While he was under the showerhead, one thing came to mind. What had she done with the boy she was so obsessed with? Javier wondered if she still had the child with her or if she had relinquished him to the care of some old convent, true to the tradition of unwanted children in fact and fiction. Javier had removed one of the two ceiling lights two days before to soothe his sore eyes. He looked down as he ran the washcloth over his body. An inadvertent gasp came off his lips as he noticed the condition of his skin, and the bony mounds protruding on his hips.
“Dios mío!” he shrieked through an impending raw throat. “What the fuck is happening?”
Javier was horrified to see how rake thin he had become in little over a week. It was unnatural, he reckoned, for his body to have reduced itself to almost half its original size. Had he changed his eating habits, he would have thought it possible to lose this much weight. But he had not changed anything. As upset as he had been since Madalina disappeared, Javier had reta
ined his nutritional habits. He slept normally, maybe even more than the average person, yet his eyes felt heavy and sensitive. If this were a virus, where would he have contracted it? Even after searching the internet, he could find no disease that correlated with an exact match of his symptoms.
“I’ll see a doctor once I get to Madi. I will. I must,” he decided out loud, picking at the sporadic films of skin that peeled from dry patches on his abdomen and arms. Repulsed, he winced as he stripped pieces of dry skin off like paper. “Oh Jesus! Oh sweet Jesus, this is not happening.”
Done with watching his body shed like a snake, Javier wrapped a towel around him and shut off the water. When he came into the bedroom to get dressed, a shadow figure scared him half to death. It sat in his chair in the low light, making no sound, but it moved to the side and reached for the light switch.
“No!” Javier protested, but it was too late. The ceiling light of the bedroom was strong and stung his eyes, prompting him to cry out in pain. His hands covered his eyes. “What do you want?” he wailed. He did not look. He could not see who was there, because he dared not open his eyes. “What do you want?” he screamed.
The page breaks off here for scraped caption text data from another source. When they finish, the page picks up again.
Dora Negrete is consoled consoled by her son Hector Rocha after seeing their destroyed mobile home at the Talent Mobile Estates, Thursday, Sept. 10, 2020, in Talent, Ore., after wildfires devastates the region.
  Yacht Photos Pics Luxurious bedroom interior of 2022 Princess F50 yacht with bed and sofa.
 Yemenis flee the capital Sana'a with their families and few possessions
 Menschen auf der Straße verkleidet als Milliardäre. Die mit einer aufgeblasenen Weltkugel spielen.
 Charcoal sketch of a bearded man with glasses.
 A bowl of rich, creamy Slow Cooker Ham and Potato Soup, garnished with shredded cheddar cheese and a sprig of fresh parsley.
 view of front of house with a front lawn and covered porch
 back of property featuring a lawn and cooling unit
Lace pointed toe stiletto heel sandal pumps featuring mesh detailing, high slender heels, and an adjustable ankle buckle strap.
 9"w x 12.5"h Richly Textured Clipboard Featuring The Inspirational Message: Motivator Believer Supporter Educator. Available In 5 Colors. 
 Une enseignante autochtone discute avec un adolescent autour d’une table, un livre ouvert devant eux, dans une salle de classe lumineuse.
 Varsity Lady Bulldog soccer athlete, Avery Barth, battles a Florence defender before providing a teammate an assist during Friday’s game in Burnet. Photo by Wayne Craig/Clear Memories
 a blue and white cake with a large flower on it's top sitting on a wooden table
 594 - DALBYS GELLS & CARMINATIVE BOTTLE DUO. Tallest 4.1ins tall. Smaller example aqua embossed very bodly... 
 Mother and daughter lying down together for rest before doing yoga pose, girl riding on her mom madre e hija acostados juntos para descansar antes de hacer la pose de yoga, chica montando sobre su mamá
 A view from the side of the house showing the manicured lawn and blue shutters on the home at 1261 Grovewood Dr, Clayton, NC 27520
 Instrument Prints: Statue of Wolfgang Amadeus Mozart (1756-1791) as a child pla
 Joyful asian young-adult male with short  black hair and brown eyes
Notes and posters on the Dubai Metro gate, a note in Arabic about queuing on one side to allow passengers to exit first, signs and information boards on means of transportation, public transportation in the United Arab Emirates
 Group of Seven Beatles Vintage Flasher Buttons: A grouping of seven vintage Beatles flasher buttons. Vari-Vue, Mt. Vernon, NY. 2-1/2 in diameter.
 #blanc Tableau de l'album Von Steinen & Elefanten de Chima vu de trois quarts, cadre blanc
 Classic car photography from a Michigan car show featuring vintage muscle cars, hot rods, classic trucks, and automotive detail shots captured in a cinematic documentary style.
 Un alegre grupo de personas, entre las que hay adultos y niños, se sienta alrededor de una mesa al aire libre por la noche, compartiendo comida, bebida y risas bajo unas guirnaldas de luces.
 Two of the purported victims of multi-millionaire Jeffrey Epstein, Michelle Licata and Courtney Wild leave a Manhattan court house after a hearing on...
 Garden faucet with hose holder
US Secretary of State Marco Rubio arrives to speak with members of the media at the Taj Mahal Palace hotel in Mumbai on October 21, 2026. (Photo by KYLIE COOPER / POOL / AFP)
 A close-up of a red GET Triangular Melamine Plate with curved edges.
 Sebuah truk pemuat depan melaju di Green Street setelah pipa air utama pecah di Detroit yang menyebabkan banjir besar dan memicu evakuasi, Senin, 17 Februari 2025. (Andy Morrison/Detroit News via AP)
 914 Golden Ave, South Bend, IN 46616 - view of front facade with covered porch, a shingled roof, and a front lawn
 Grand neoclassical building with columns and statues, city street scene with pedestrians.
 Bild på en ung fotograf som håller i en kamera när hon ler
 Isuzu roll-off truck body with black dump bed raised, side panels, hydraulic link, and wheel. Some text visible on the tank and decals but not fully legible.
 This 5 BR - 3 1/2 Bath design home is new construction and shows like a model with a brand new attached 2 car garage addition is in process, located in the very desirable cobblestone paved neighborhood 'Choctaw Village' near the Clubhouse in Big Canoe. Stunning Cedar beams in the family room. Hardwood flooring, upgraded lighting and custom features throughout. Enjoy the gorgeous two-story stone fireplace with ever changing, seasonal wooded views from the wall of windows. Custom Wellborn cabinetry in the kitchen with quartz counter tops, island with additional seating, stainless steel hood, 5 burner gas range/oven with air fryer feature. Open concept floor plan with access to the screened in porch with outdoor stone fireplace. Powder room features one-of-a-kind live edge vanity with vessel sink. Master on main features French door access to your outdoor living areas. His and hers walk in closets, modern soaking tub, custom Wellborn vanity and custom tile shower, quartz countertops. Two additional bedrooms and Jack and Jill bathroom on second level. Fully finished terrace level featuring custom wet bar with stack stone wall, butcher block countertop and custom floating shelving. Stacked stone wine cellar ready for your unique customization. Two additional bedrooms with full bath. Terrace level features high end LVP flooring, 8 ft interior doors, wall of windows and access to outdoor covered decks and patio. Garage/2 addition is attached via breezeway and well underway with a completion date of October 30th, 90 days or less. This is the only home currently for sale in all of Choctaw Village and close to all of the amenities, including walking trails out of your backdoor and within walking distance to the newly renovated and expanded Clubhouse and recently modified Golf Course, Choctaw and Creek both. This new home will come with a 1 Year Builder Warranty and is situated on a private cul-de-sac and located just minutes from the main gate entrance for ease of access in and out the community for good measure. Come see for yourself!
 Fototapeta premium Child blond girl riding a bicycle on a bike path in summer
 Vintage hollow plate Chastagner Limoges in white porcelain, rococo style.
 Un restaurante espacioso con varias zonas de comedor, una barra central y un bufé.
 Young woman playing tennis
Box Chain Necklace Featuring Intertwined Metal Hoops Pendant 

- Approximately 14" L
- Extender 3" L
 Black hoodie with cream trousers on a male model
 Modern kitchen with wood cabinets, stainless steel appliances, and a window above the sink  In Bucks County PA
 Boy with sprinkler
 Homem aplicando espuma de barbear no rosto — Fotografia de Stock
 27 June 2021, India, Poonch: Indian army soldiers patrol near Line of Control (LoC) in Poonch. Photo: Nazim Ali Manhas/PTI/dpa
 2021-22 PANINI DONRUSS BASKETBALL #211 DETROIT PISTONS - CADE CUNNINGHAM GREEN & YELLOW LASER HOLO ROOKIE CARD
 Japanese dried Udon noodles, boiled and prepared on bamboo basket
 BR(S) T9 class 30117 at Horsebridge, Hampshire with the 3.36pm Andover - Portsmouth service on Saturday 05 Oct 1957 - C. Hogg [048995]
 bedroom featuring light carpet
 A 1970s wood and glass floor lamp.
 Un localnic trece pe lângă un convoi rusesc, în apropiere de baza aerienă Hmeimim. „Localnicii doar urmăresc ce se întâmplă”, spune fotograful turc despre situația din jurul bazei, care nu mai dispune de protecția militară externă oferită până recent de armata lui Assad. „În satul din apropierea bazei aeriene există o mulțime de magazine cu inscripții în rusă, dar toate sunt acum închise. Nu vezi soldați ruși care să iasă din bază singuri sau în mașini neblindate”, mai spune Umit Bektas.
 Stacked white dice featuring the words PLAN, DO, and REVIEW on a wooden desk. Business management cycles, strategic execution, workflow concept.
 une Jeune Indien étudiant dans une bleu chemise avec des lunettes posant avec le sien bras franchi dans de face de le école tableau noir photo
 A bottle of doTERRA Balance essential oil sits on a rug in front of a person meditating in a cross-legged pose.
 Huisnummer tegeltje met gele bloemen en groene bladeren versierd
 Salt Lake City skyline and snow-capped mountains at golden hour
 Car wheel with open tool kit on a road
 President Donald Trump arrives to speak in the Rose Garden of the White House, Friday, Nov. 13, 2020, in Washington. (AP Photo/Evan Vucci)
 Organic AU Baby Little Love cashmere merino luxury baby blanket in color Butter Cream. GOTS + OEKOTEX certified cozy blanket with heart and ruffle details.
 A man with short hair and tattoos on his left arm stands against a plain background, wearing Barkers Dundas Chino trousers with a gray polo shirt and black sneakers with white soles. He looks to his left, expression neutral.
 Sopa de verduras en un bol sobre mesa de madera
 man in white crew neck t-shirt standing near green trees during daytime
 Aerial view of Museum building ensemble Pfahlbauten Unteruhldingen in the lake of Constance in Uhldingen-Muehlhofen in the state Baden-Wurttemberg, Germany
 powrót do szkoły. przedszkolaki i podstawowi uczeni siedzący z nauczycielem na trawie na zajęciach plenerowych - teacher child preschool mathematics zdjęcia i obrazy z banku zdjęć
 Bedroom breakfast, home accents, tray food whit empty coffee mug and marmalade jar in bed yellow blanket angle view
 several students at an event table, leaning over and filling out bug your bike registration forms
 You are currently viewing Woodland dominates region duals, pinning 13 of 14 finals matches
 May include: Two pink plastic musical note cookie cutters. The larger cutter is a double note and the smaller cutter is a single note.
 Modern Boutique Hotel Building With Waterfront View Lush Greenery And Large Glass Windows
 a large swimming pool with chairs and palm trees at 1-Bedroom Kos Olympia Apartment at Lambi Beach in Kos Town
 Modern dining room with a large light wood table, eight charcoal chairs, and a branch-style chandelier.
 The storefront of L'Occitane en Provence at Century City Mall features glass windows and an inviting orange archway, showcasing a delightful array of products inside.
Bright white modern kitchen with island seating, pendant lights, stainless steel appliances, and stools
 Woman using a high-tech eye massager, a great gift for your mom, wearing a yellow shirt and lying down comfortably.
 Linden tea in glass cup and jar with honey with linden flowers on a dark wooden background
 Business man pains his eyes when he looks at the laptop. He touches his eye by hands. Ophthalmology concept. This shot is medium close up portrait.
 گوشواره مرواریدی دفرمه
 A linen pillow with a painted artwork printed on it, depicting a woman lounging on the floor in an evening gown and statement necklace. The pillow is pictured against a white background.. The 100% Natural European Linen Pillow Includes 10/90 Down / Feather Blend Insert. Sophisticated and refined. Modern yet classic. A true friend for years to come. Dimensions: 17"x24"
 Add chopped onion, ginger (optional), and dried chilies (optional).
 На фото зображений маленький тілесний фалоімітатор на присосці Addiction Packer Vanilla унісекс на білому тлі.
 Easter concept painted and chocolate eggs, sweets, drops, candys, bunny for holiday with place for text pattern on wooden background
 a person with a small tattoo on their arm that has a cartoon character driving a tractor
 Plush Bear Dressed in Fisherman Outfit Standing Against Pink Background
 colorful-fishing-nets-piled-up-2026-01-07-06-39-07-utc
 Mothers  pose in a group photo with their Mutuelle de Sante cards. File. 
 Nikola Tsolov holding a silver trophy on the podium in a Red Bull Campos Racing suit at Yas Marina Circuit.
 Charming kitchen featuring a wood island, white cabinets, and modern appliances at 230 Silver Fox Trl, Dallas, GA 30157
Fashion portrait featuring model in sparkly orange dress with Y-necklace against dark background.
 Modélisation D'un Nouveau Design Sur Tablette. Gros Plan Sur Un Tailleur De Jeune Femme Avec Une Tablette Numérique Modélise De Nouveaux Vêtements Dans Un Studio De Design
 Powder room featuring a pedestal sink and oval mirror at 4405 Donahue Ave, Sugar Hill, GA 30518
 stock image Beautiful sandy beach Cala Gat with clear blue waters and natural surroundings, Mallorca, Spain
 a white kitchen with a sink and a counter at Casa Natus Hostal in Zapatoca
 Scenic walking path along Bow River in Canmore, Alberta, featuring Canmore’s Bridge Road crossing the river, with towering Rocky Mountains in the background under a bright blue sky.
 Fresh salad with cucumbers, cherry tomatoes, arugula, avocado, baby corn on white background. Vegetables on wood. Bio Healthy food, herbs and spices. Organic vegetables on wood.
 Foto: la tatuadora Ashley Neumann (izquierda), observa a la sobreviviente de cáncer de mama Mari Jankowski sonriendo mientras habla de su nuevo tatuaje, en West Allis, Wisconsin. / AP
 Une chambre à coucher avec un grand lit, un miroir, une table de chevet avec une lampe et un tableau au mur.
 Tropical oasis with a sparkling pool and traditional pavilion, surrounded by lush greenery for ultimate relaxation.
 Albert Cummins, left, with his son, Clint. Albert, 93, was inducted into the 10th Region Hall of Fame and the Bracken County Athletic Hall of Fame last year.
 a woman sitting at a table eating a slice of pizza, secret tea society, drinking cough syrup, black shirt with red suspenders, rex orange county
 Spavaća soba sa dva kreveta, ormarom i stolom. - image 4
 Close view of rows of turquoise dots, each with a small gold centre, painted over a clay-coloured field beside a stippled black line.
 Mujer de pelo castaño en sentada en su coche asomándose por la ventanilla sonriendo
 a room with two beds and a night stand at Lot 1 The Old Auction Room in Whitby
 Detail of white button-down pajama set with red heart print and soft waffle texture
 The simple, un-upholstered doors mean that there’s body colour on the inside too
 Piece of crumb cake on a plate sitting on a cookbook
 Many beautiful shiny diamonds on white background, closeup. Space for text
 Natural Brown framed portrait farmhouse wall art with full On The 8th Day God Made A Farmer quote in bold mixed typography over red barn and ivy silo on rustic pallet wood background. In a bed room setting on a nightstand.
“Keep your voice down or I’ll cut your goddamn throat right now, Javier,” he heard as he sank to his knees. It was a voice he knew well, a voice he hated.
“Dr. Sabian,” he announced calmly. “I knew you were behind this.”
“In the state that you find yourself, my boy, I would be a lot more courteous if I were you,” Dr. Sabian warned. “And you have already done most of your damage, spreading that ridiculous theory of yours around, so don’t think I will not resort to . . . shall we say, snuffing you out.”
“So why don’t you, you creep?” Javier defied him, still unable to look. “Why are you infesting my home with your witchery? Just kill me if that’s what you think you can scare me with.”